● **Requirement**
When you repeat the material, keep each line exact and omit the pictures.
═══ Data excerpt
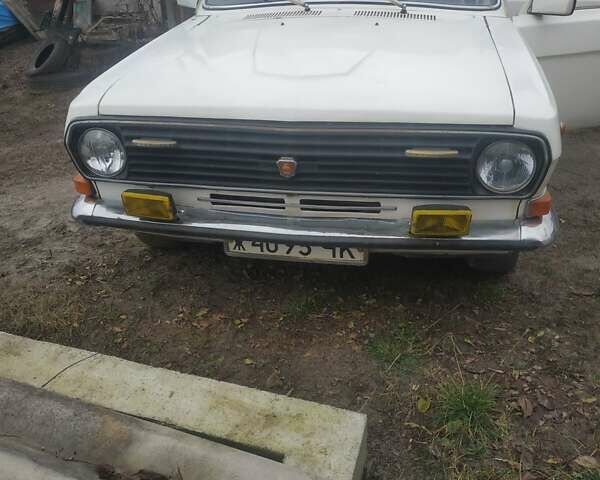 Белый ГАЗ 24 Волга, объемом двигателя 2.4 л и пробегом 200 тыс. км за 800 $, фото 1 на Automoto.ua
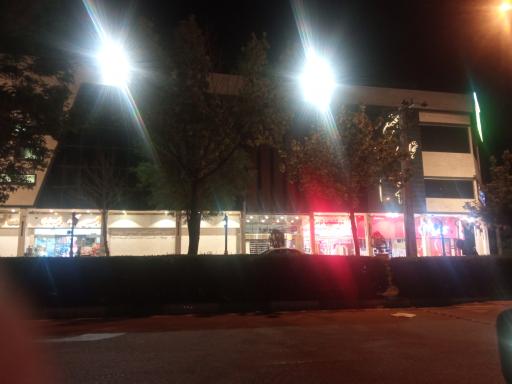 عکس مجتمع تجاری تفریحی جم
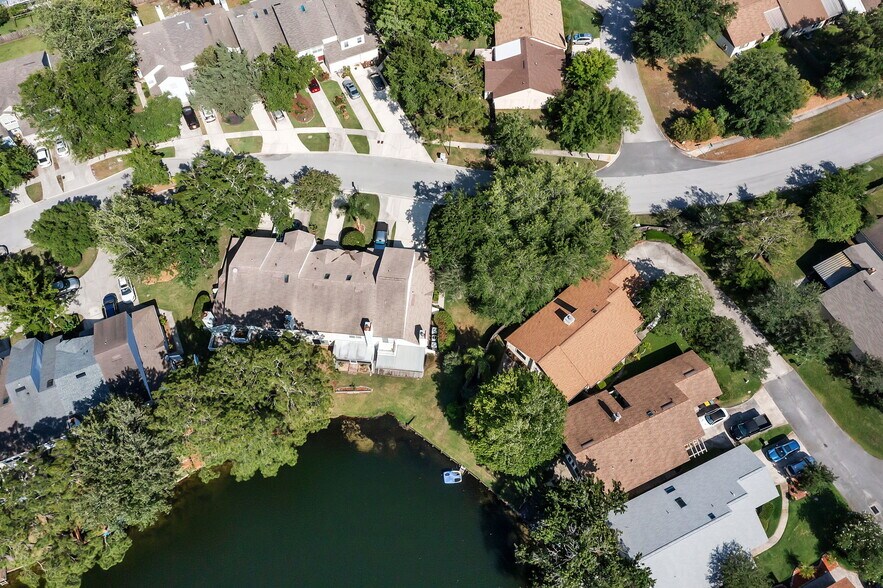 Building Photo - 11330 Lake Mandarin Cir E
══════
● **Task response**
 Белый ГАЗ 24 Волга, объемом двигателя 2.4 л и пробегом 200 тыс. км за 800 $, фото 1 на Automoto.ua
 عکس مجتمع تجاری تفریحی جم
 Building Photo - 11330 Lake Mandarin Cir E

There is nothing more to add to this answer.